A New Jersey judge denied the testimony of several proponents of a so-called ex-gay therapy,Jews Offering New Alternatives for Healing (JONAH). Six people, including Salt Lake City’s Michael Ferguson, brought a consumer fraud lawsuit in 2012 against JONAH, which claims to be successful in gay-to-straight conversion therapy.
State Superior Court Judge Peter F. Bariso Jr. ruled that JONAH could not call Joseph Nicolosi, Christopher Doyle, James Phelan, Rabbi Avrohom Stulberger and John Diggs as witnesses in the trial set this summer.
“The overwhelming weight of scientific authority concludes that homosexuality is not a disorder or abnormal,” Bariso wrote in a decision released this month. “The universal acceptance of that scientific conclusion — save for outliers such as JONAH — requires that any expert opinions to the contrary must be barred.”
“The theory that homosexuality is a disorder is not novel but — like the notion that the earth is flat and the sun revolves around it — instead is outdated and refuted,” according to Bariso’s order.

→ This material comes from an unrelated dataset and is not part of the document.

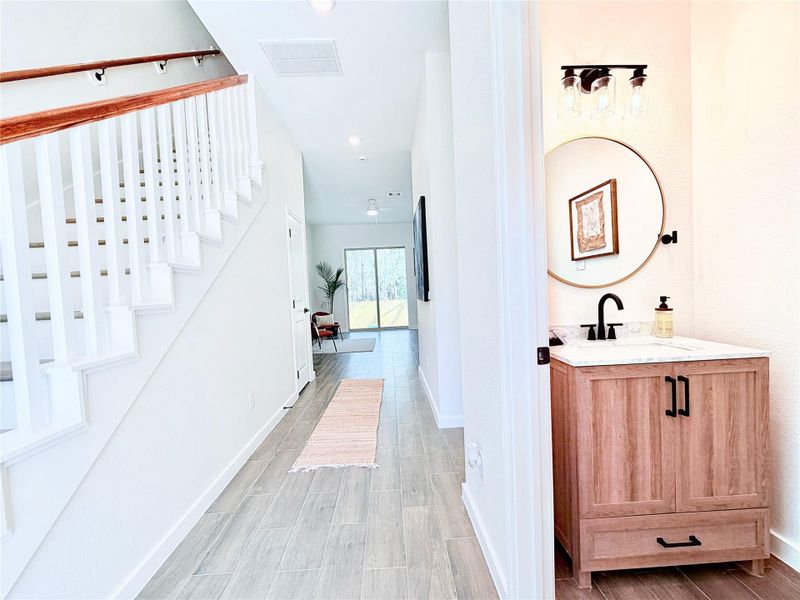 Furnished interior view inside a new home in , Conroe (Image 5).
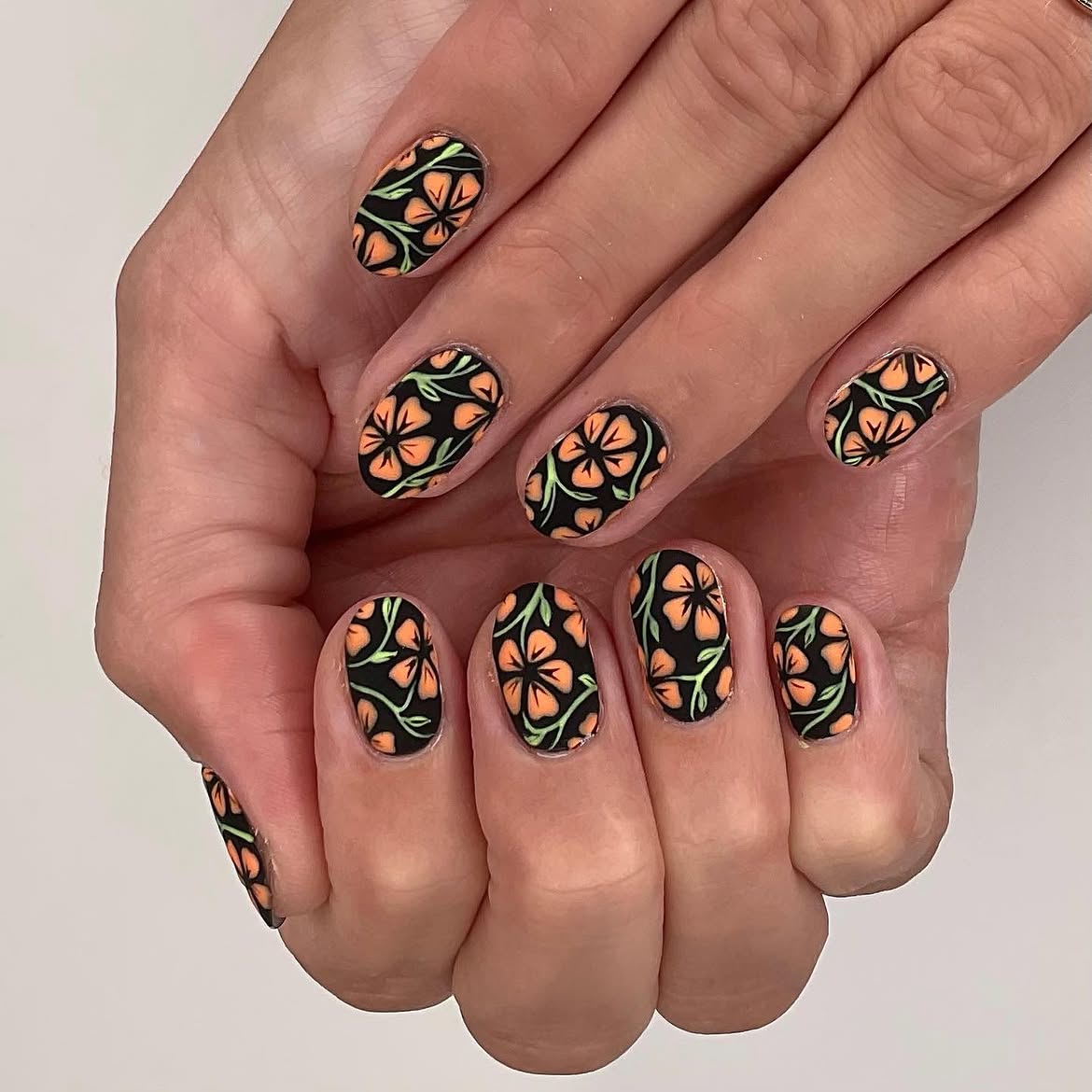 Matte Black Orange Floral Oval Nails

Nicolosi, a psychologist, is the author of A Parent’s Guide To Preventing Homosexuality, and the founder of the National Association for Research and Therapy of Homosexuality. Phelan is a previous leader of NARTH’s scientific advisory committee. Doyle is a conversion therapist in Maryland who leads the International Healing Foundation, and was a vocal opponent of legislation in New Jersey that prohibited licensed therapists from treating minors with conversion or reparative therapy. Gov. Chris Christie signed that law in 2013. A federal appeals court upheld the state ban last year.
Diggs, a physician, was expected to testify that homosexuality is an “unhealthy lifestyle” that will lead to misery and disease. Stulberger is the dean of Valley Torah High School in California.
In 2012, the Southern Poverty Law Center filed the lawsuit on behalf of JONAH clients and two parents of former clients alleging JONAH, its founder Arthur Goldberg, and counselor Alan Downing violated New Jersey’s Consumer Fraud Act by using “deceptive practices to lure the plaintiffs into their services,” for thousands of dollars a year.
David Dinielli, the law center’s deputy legal director, called the judge’s decision “a major development in our effort to show that conversion therapy is a complete sham masquerading as science.”
“Conversion therapy lacks any such basis and its most prominent proponents — including Joseph Nicolosi — hold views that are so discredited that the supposed ‘experts’ are not even permitted to testify in a court of law,” he said. “Proponents of this bogus therapy lack any valid basis for their opinions promoting the abusive practice, yet they continue to scam vulnerable gay people and inflict significant, long-term psychological harm.”
In a separate ruling, Bariso granted the plaintiffs’ request for partial summary judgment, saying, “It is a misrepresentation … in advertising or selling conversion services, to describe homosexuality, not as being a normal variation of human sexuality, but as being a mental illness, disease, disorder, or equivalent thereof.” He also ruled that defendants could not include “success” statistics when there is no factual basis for calculating such success, since no post-therapy tracking exists.
The plaintiffs in the case, Michael Ferguson, Benjamin Unger, Sheldon Bruck, Chaim Levin, Bella Levin and Jo Bruck, are also represented by Cleary, Gottlieb, Steen & Hamilton of New York and Lite DePalma Greenberg of Newark.
Instead of receiving treatment, the plaintiffs claim they were coerced into engaging in demeaning and emotionally damaging behavior, including having to strip naked and beat images of their mothers.